Rafe Boulon, chief of resource management at the V.I. National Park, said that while some corals like elkhorn seem to be doing “fairly well,” that’s not the story with reef-forming corals like star corals.
“We’re not seeing much of recovery with those,” he said.
In its press release, NOAA indicated that every week its new system uses 28 runs of NOAA’s latest climate model to warn coral reef managers, scientists, stakeholders and the public of large-scale bleaching events. It builds upon the first global seasonal bleaching outlook system released by NOAA in 2008.
The new system uses sea surface temperature forecasts from NOAA’s operational climate forecast system, the same system used for predicting El Niño and seasonal temperature and precipitation forecasts.
Coral bleaching occurs when stress, usually high temperature, causes corals to expel their symbiotic algae and, if prolonged or particularly severe, may result in coral death.
NOAA has also significantly advanced satellite monitoring of the high ocean temperatures that can cause coral bleaching.
A new generation version of NOAA’s product suite now provides daily satellite monitoring of coral bleaching thermal stress for reefs around the world.

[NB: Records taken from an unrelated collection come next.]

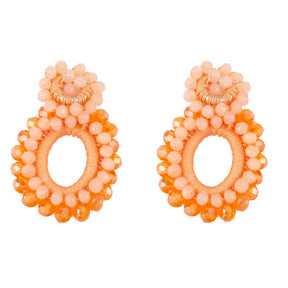 Beaded Teardrop Dangle Earrings Gift for Women-Orange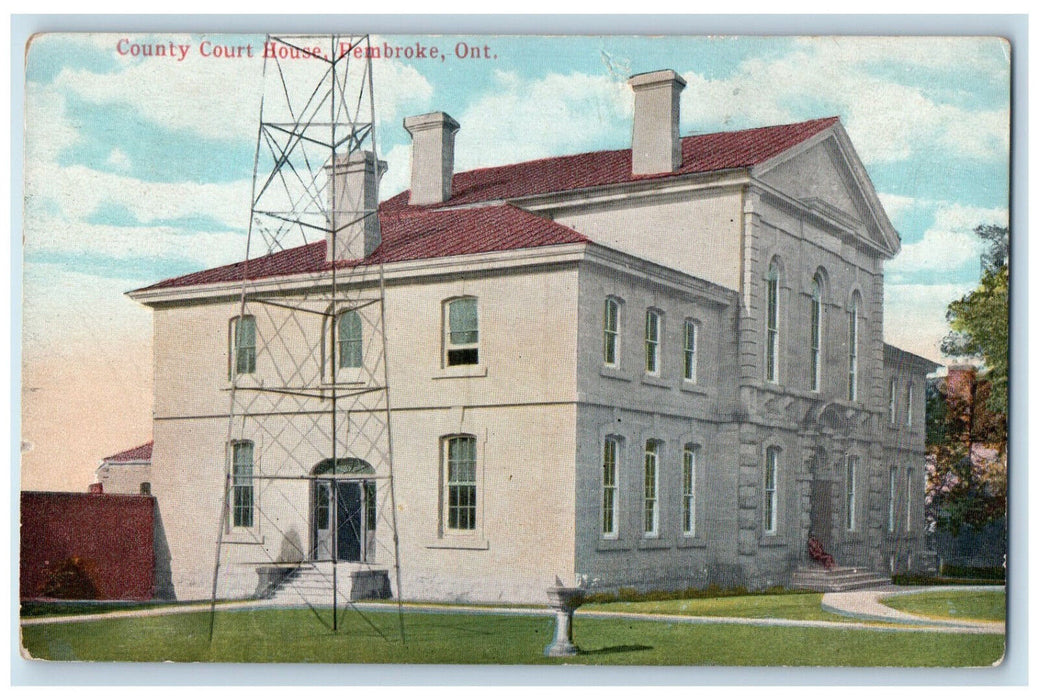 c1910 Entrance View County Court House, Pembroke Ontario Canada Postcard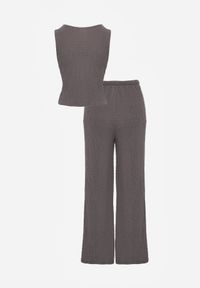 Born2be - Szary Letni Komplet Top Typu Kamizelka i Spodnie z Teksturowanej Tkaniny Echoviane. Kolor: szary. Materiał: tkanina #6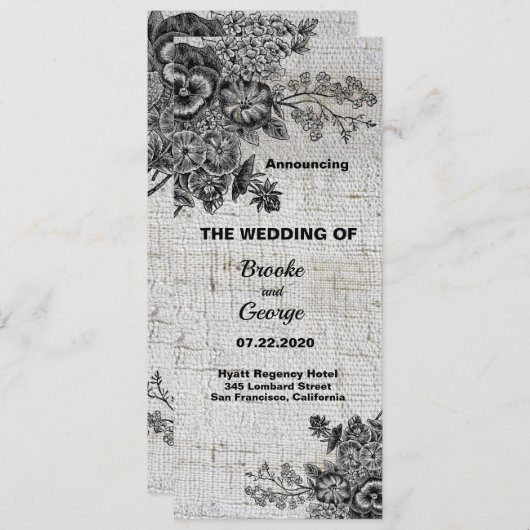 Mooie zwart/grijze bloemen bruiloft aankondiging (Voorkant / Achterkant)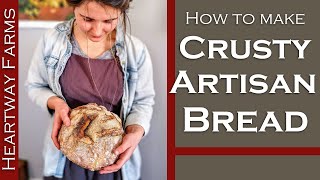 How to Make Crusty Artisan Bread  Easy Homemade Bread  Beginner Artisan Bread  Heartway Farms [upl. by Qirat788]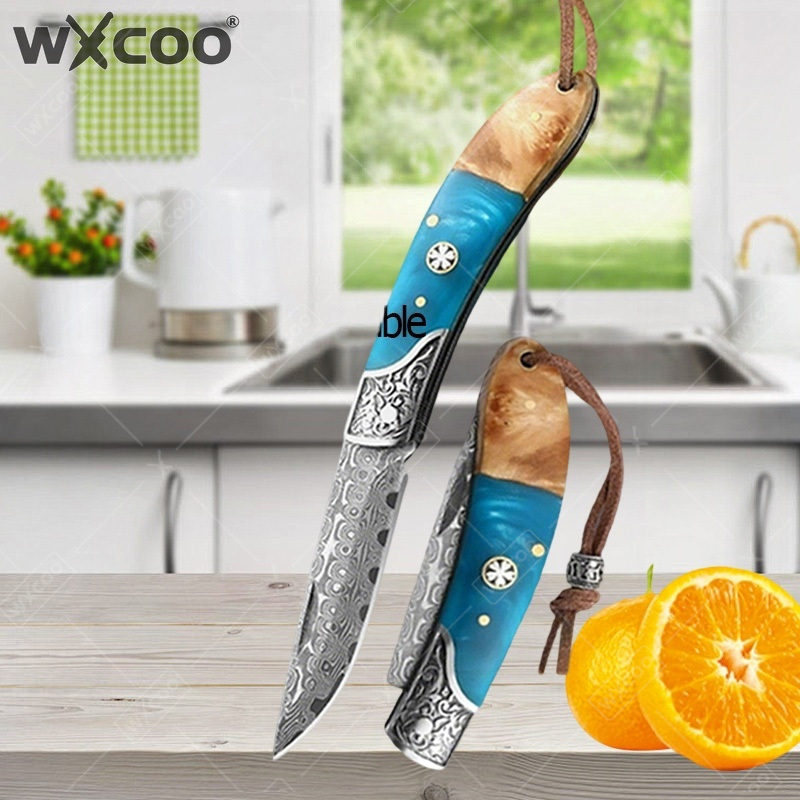 Kitchen Appliances Gift - WXCOO Damascus Steel Folding Pocket Knife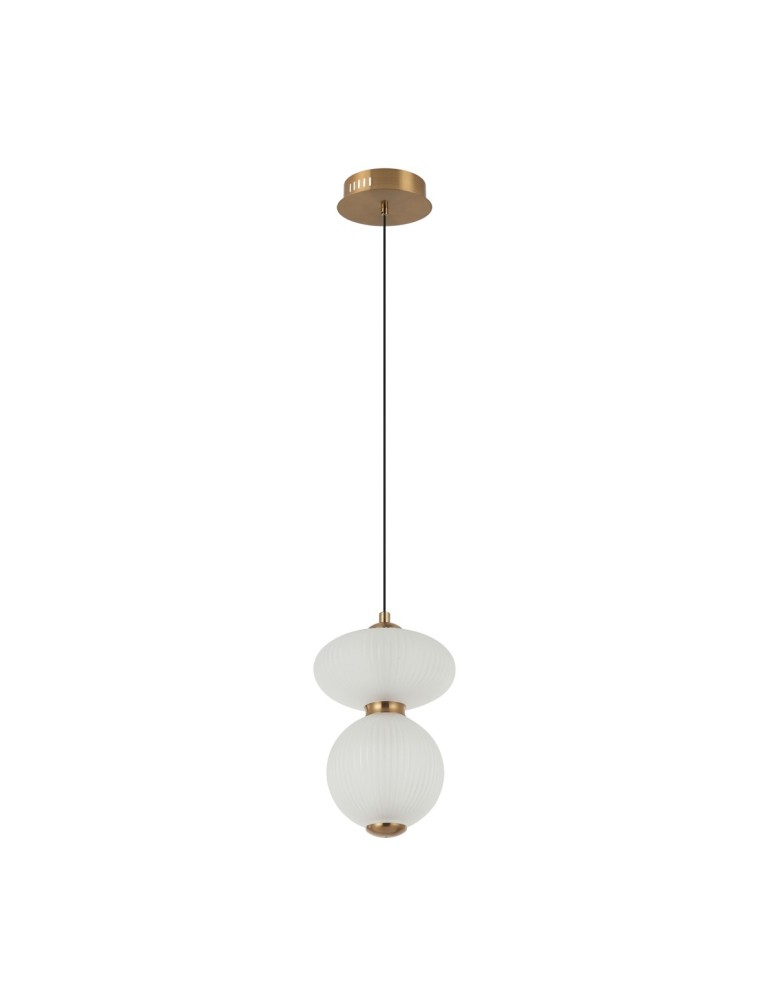 Single pendant lamps - Italux Nico LED Pendant 8W 3000K 825 lm Black, Gold PND-8545-2-AB-WH - product kolory-swiatla.pl 3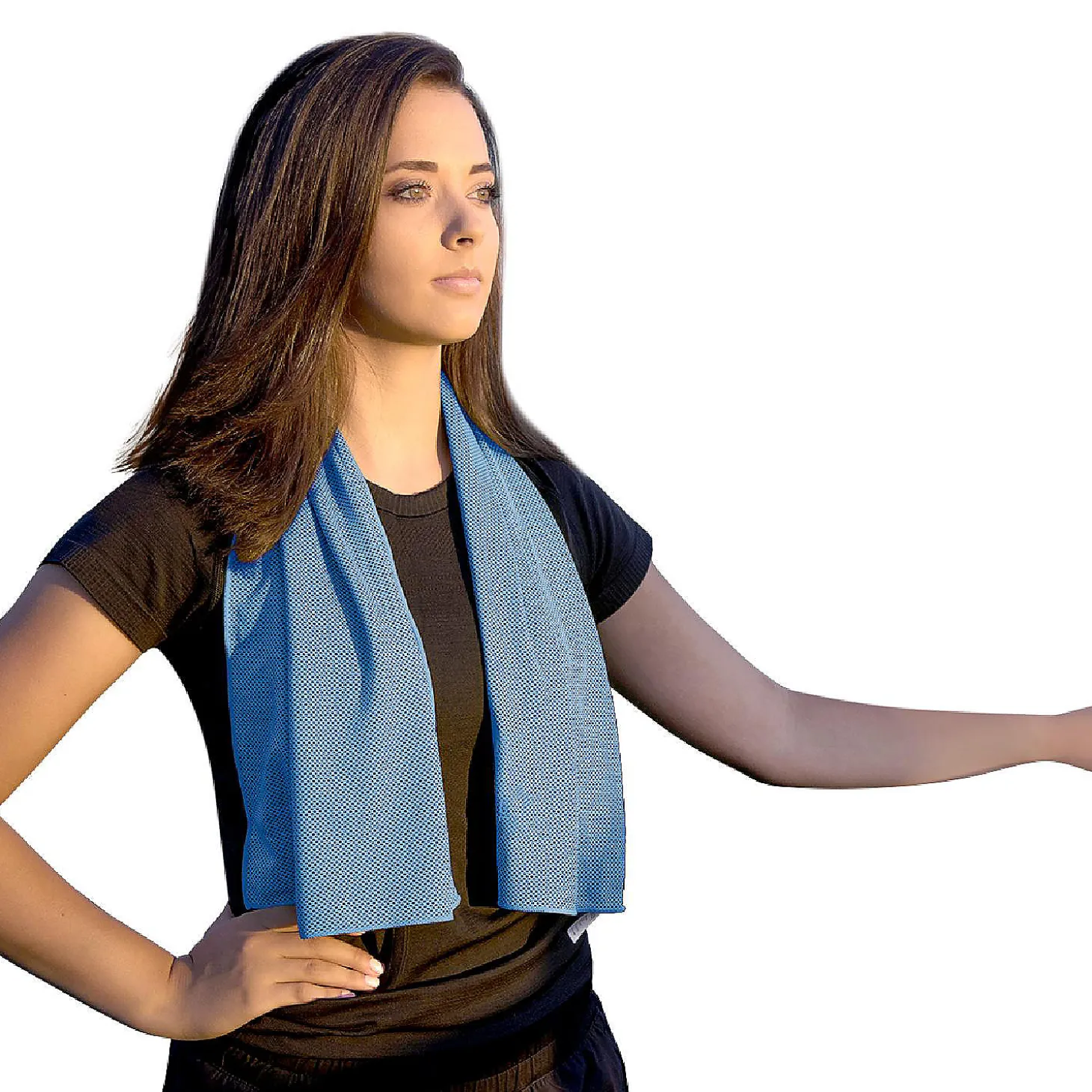 Grand Fusion Housewares 2Kool Sports Cooling Towel With 13.5 Oz. Bpa Free Tritan Water Bottle For Sports/ Light Blue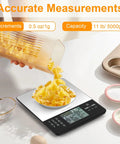 Digital Kitchen Scale With Nutritional Calculator For Easy Calorie Counting And Meal Prep, Measures Pasta In Grams, Clear Display
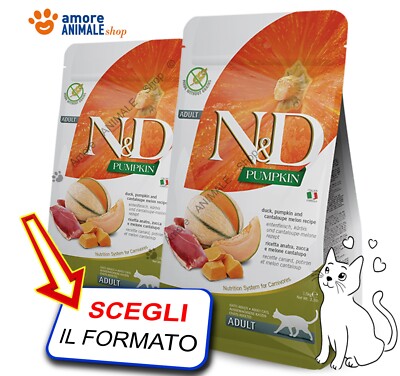 Farmina Cat n & D Pumpkin Adult   Ente Und Melone 300 Gr / 1,5 / 5 KG - Katze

NOAA has been providing the current coral bleaching products to U.S. and international coral reef communities since 1997. These products have been very successful in detecting the thermal stress typically associated with mass coral bleaching.
During most mass bleachings, high ocean temperatures usually occur over a broad area that includes both coral reefs and adjacent open ocean waters. Since coastal water temperatures over reefs often are higher than those in other areas, NOAA’s old products often underestimated the thermal stress associated with a bleaching event or missed small-scale features found right over reefs. The new products should correct for this.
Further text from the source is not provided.